The job of the parent, the job of the teacher, in different ways, then is to allow the child, the student to grow in freedom. Friendship requires the equality of freedom. It is only when we give this gift that we can become friends. 

But after a moment’s reflection, we soon realise that a major part of giving the gift is teaching the student how to receive it. I’ve mentioned before a precious memory I have of one of my nephews at Christmas. When he was really young, he was only just beginning to understand gift-giving. But not really. Whenever we gave him a present, he would take it to his mum to see what he should do with it. She would get excited; he would mimic the excitement.  They would then open the present together, and then she would show him how to use it. Finally, she would tell him to go and say thank you to the relevant person. She was teaching him how to receive a gift. 

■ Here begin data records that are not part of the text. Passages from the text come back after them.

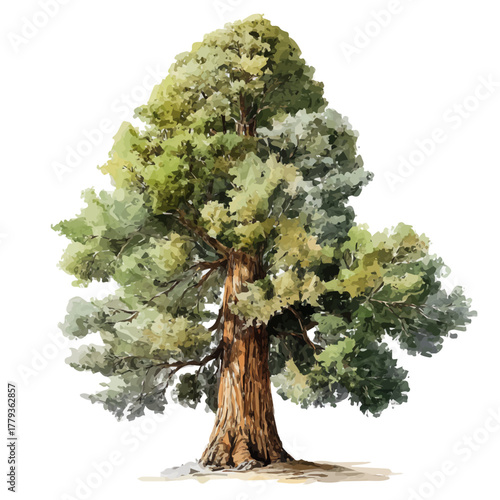 Stylized watercolor Sequoia Tree vector, modern artistic illustration with high-quality details on a pure white background.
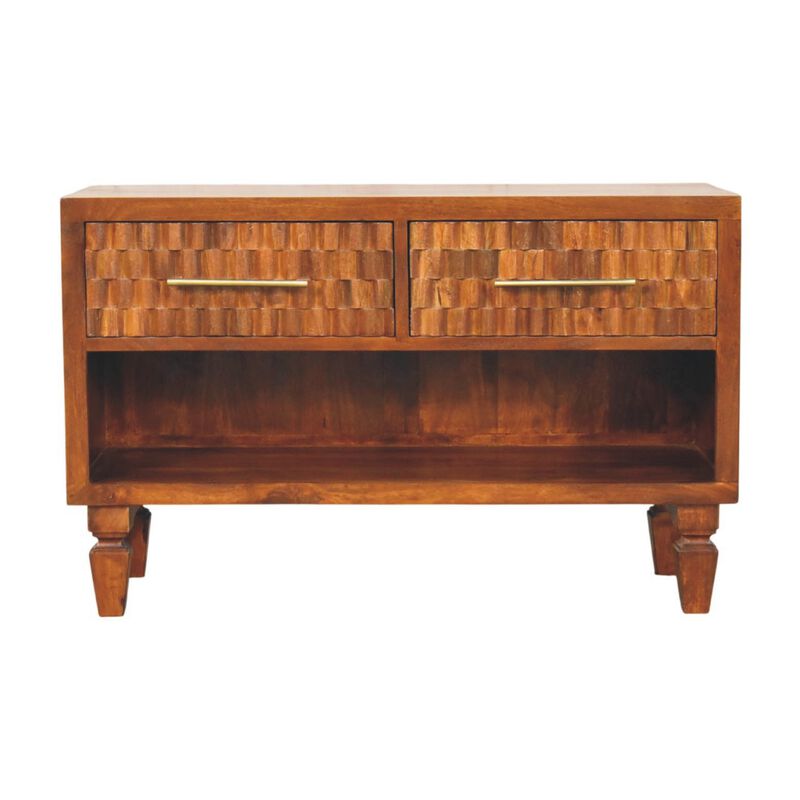 Artisan Furniture Solid Wood Cadiz Carved Shoe Bench, Brown image number 0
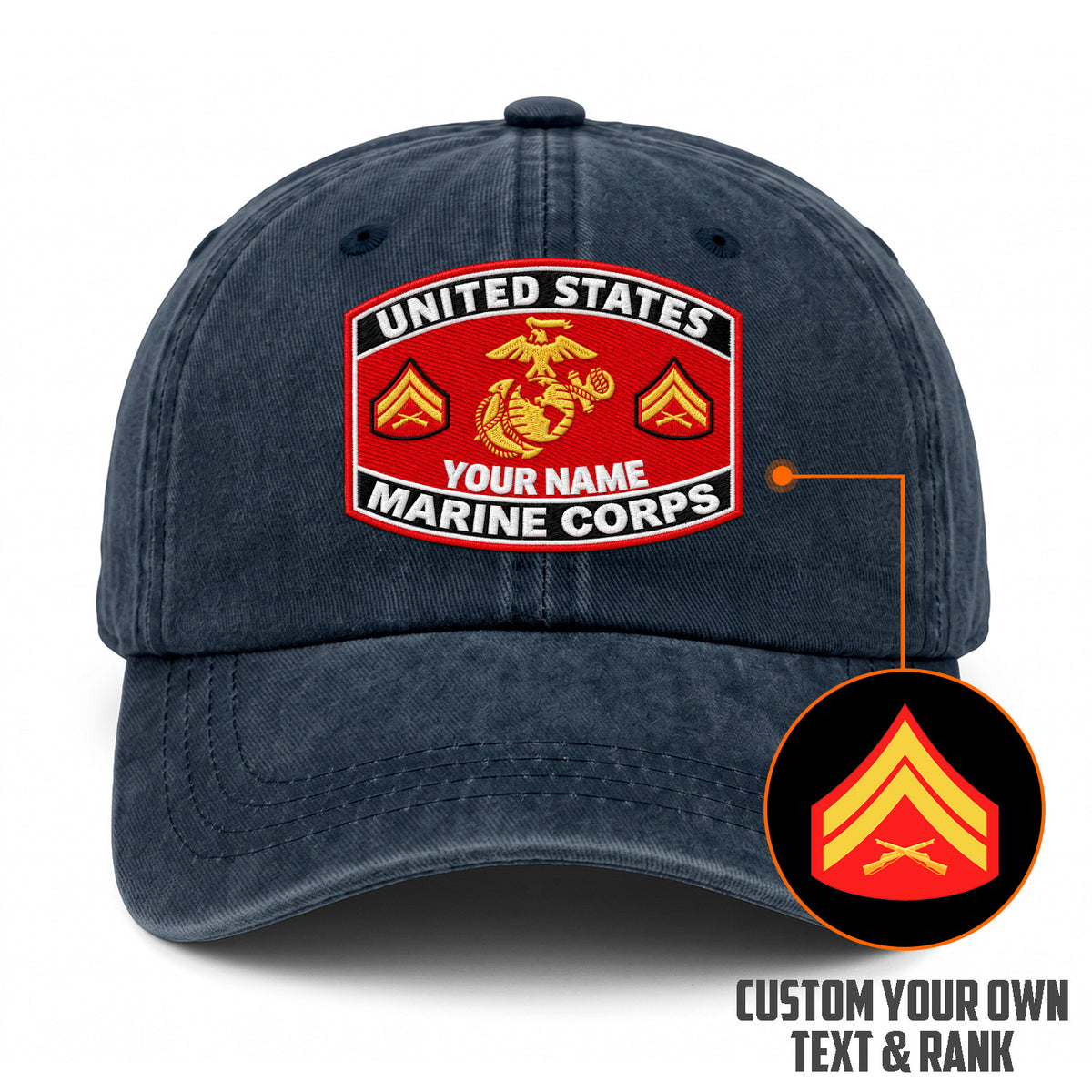 Personalized USMC Cotton Cap Custom Rank and Text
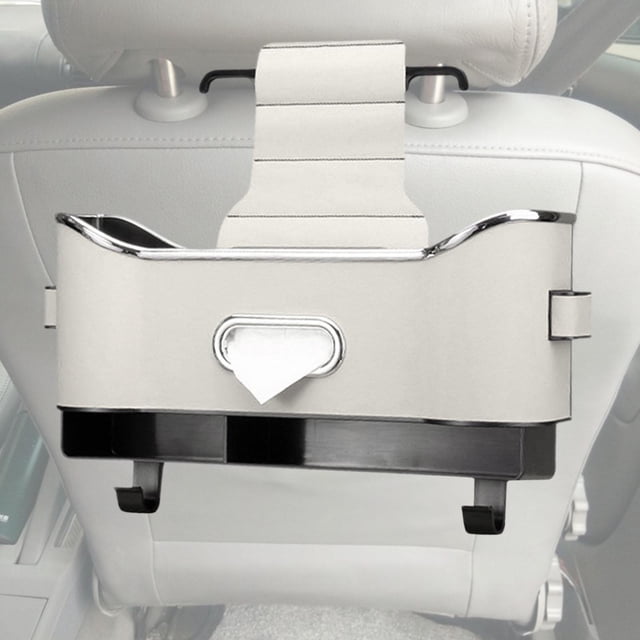 DYNWAVECA Back Seat Storage Box,Backseat Organizer Storage Box,with Partition Design,Hanging Headrest Backseat Organizer,for Truck White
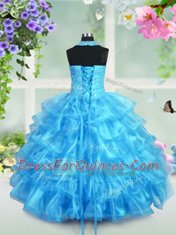 Customized Halter Top Beading and Ruffled Layers Flower Girl Dresses Aqua Blue Lace Up Sleeveless Floor Length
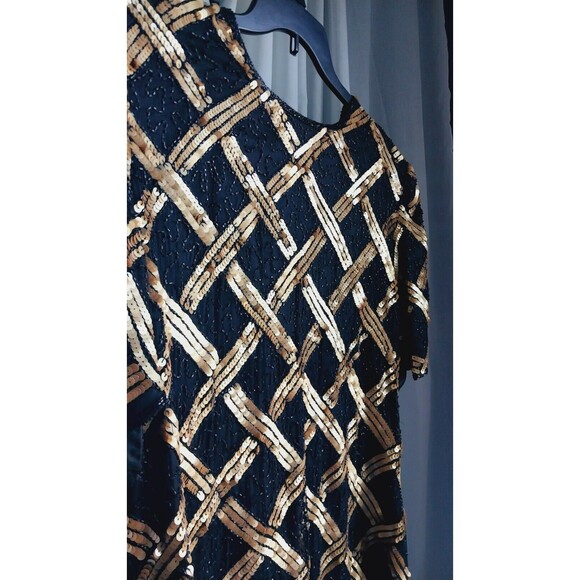 Scala Vintage Black Gold 100% Silk Sequin Blouse Top Size 3x (large) - Picture 6 of 10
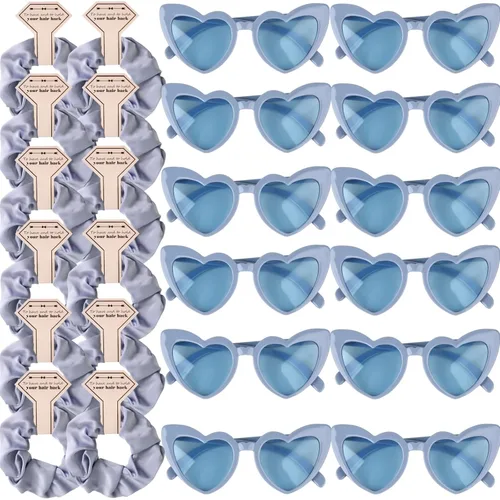Satin Bridesmaid Proposal Gifts Scrunchies Bachelorette HairTies Set of 12 sunglasses Bridal Shower No Damage Hair ties ideas Gift for Wedding Party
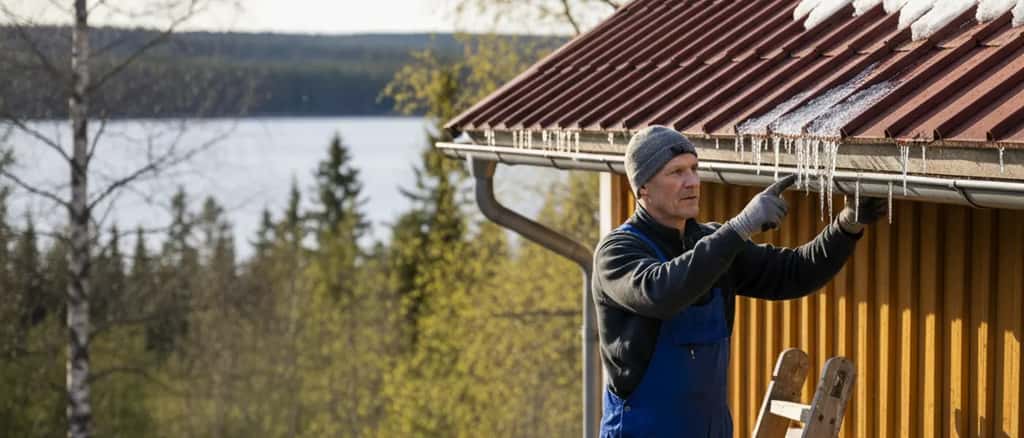 Suomalainen rakennusammattilainen tarkastaa omakotitalon räystäitä kevätauringossa, lumi sulaa katolta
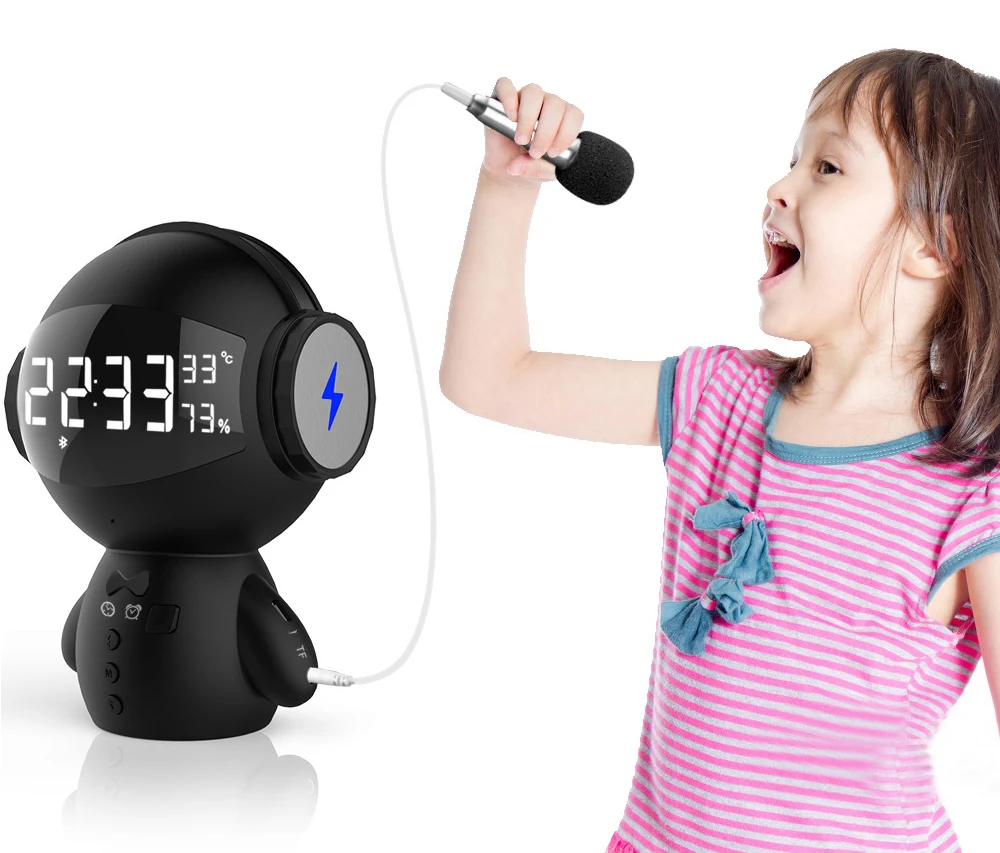 Креативный Многофункциональный светодиодный дисплей подарок милый портативный мини беспроводной музыкальный стерео робот Динамик для детей HIFI песня микрофон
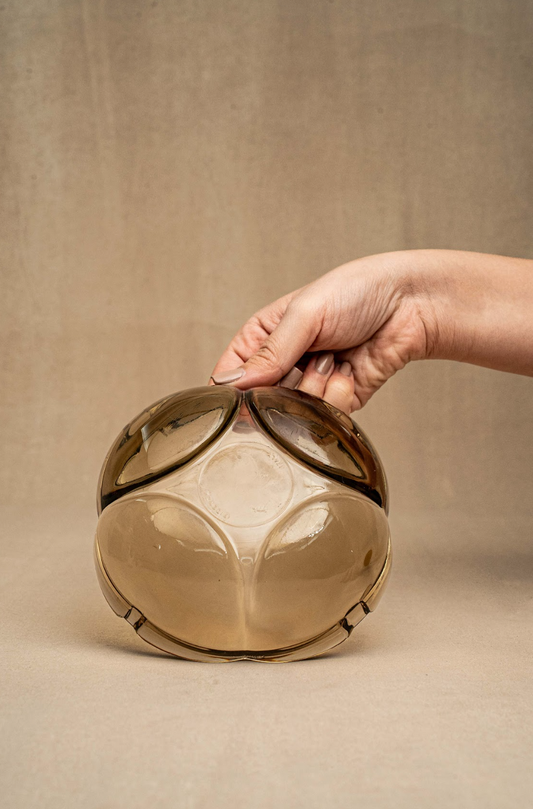 70s Space Age Retro Brown Glass Ashtray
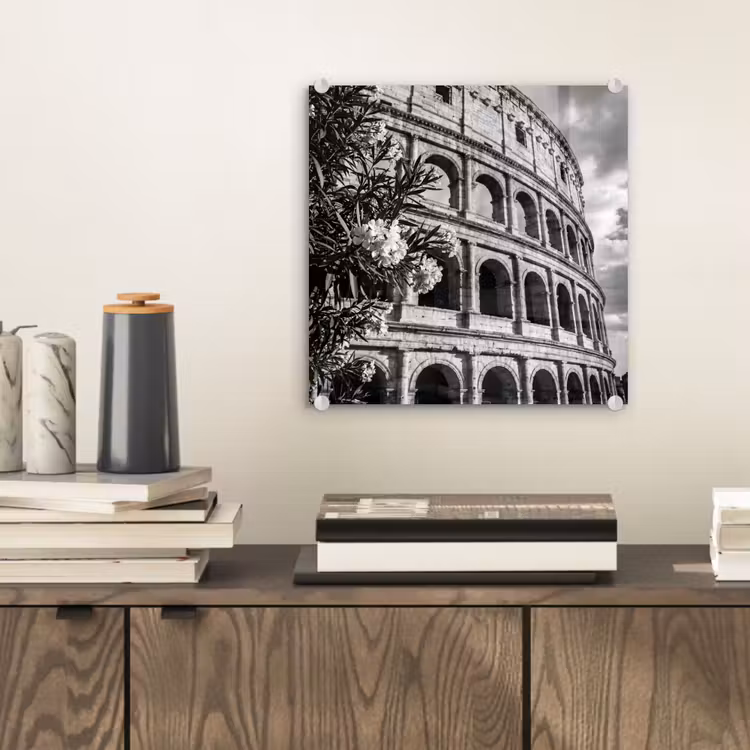 Glasbild - Architektur – Kolosseum – Rom – Historisch – Schwarz-Weiß - Architectuur - Colosseum - Rome - Historisch - Zwart-wit plexiglas 5mm klein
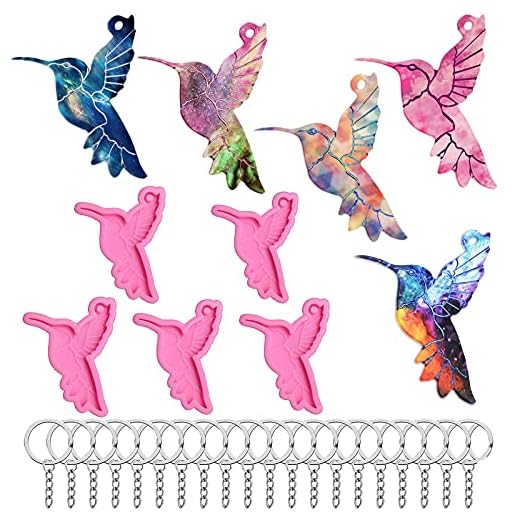 Hummingbird Keychain Silicone Resin Molds - 5 Pieces Hummingbird Silicone Mold Resin Keychain Mold with 20 Pieces Keychain Rings for Keychain Jewelry Resin, Pendant, Earring DIY Crafts Making Supplies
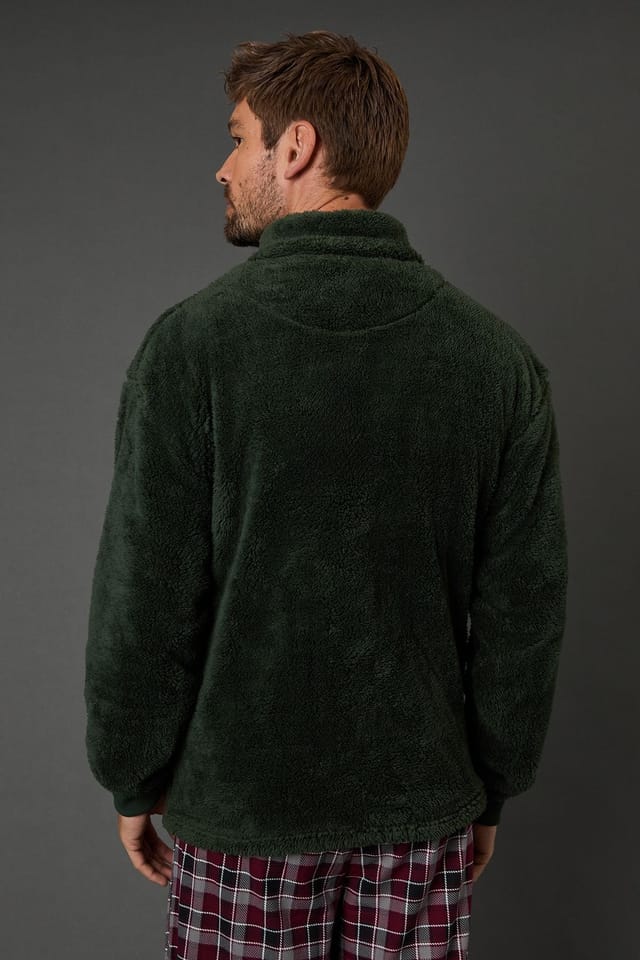 Maine Maine Men's Green Sherpa Half Zip Top - 3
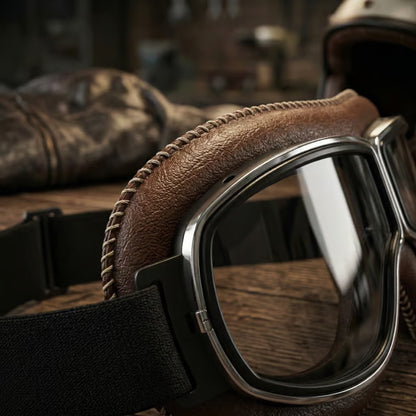 🕶️ OTG Vintage Motorcycle Goggles (Fits Over Glasses)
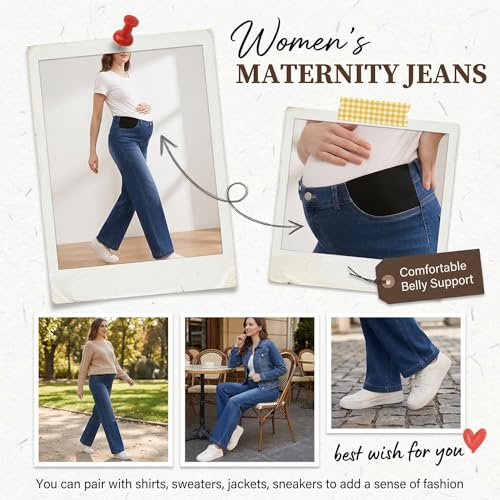 Women's Maternity Jeans, Mid-Rise Adjustable Waist, Relaxed Straight Leg Stretch Pants for Pregnancy and Postpartum - color: Dark Blue, size: Medium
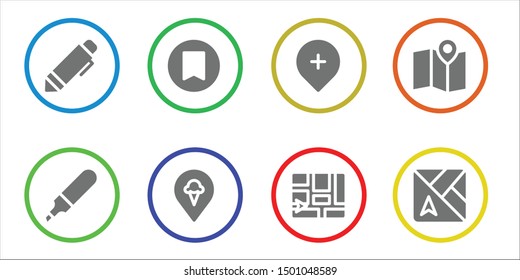 marker icon set. 8 filled marker icons.  Collection Of - Pen, Marker, Bookmark, Pin, Gps, Map, Maps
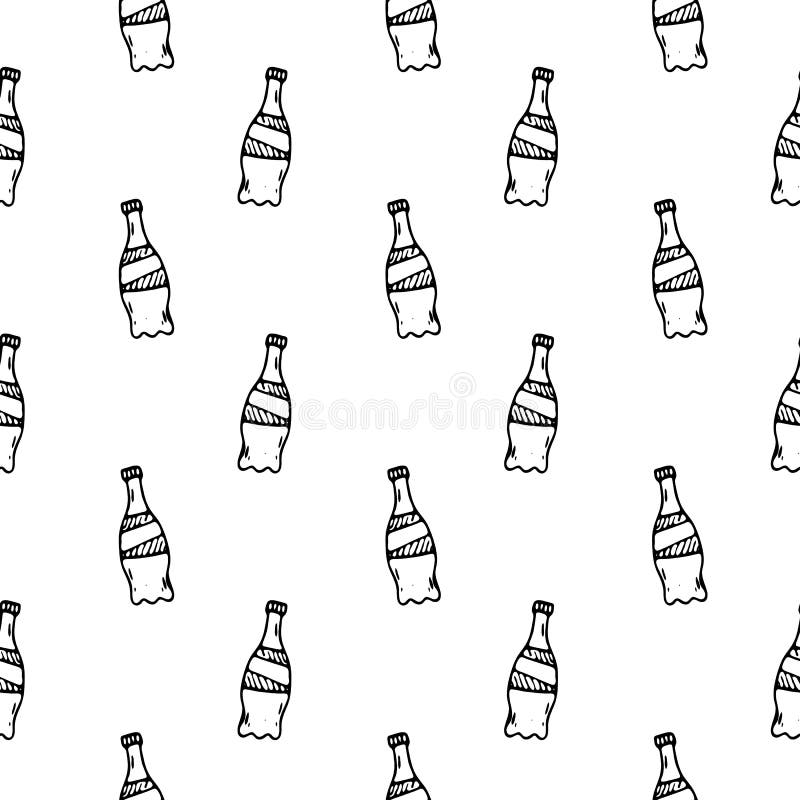 Botellas exhaustas de la mano inconsútil del modelo Bosquejo del negro del garabato Muestra S ilustración del vector Botellas exhaustas de la mano inconsútil del modelo Bosquejo del negro del garabato Muestra S ilustración del vector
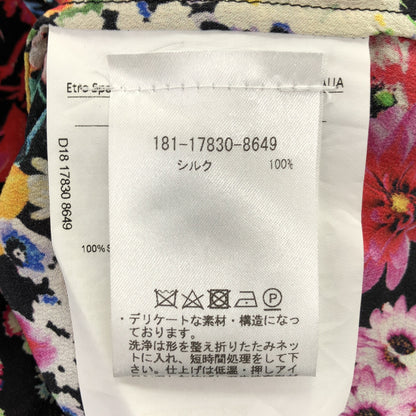 ETRO エトロ ブラック シルク フラワーボタン ボタニカル 長袖シャツ トップス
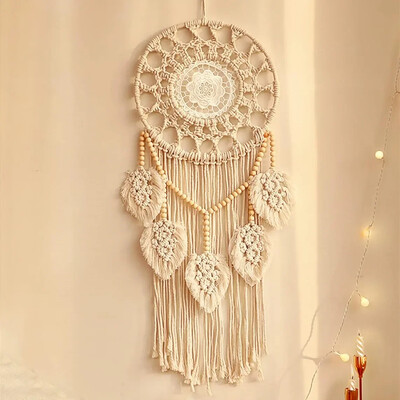 1 бр Dream Macrame Dream Catchers за спалня Adult Dream Catcher Декор за стена Голям бохо стенен декор с 5 тъкани листа от дърво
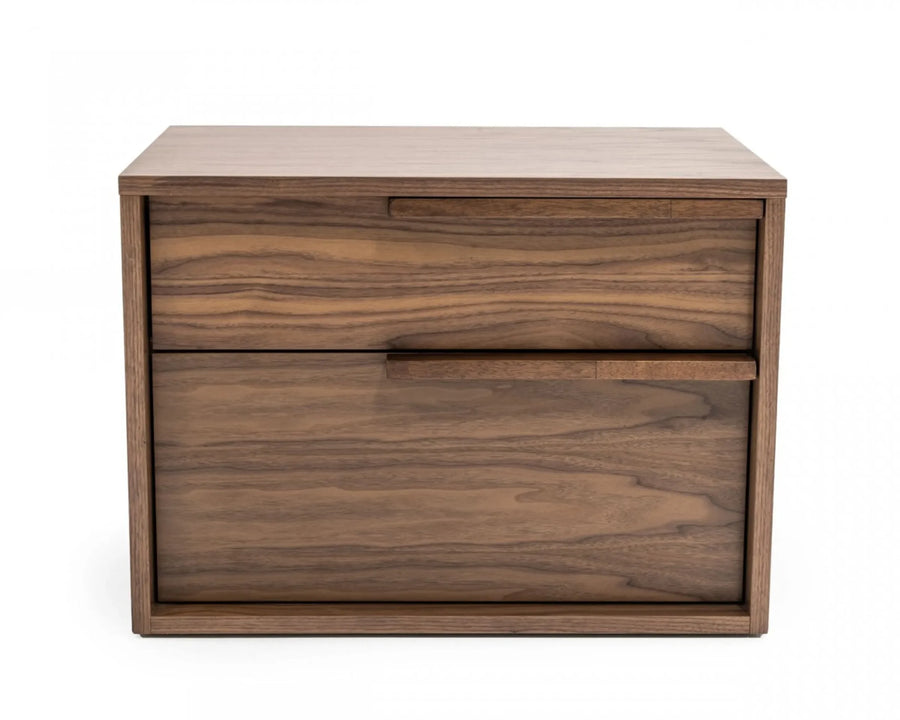 Modern Light Brown Walnut Nightstand with Two drawers — view 2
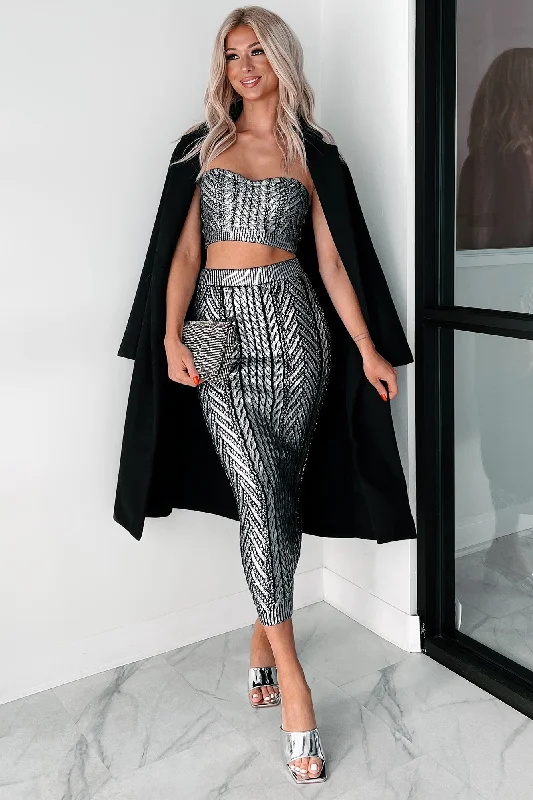 Crazy Savings Keep Their Attention Metallic Tube Top & Skirt Set (Black/Silver)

Again, I am sure this a familiar story. We all know when we are in a great lesson. We can all recognise the hours spent trying to work out the perfect conditions for imparting the lesson the teacher wants to give, considering the different circumstances and learning behaviours of different students, what is likely to motivate and what makes a lesson memorable.

And I think this is what ties our gospel together. This is what the Church wants for her children. The freedom that we want to inculcate in the end is a freedom from ego, a freedom from self. The freedom we want to give is the freedom to lay down one’s life. This is the ultimate freedom. 

However, this laying down of one’s life is also what creates the atmosphere that encourages each of us to receive the gift. Jesus washing our feet encourages us to follow his commands. The love that my sister-in-law constantly shows my nephew, the love that a teacher shows a student through care in the lesson, communicates the benefit of the lesson better than anything else. More than that, in the end, this laying down of one’s life through the work of teaching is the real lesson. The washing of the feet is the command. And this of course flows into the way we each of us act towards each other throughout our parish and beyond. Care breeds care.

And so this gospel presents us with a question: do we have anything to learn in relation to equality, freedom and love? God and the Church definitely think so. Do we have anything to learn in relation to equality, freedom and love?

If we say yes, then who are we going to trust as our teacher? And why? And if we say Jesus, will we heed his lesson, trust his commands? Do we believe that he is trying to give us the freedom of the children of God? Do we believe that he wants to lead humanity into the ultimate friendship: communion with God?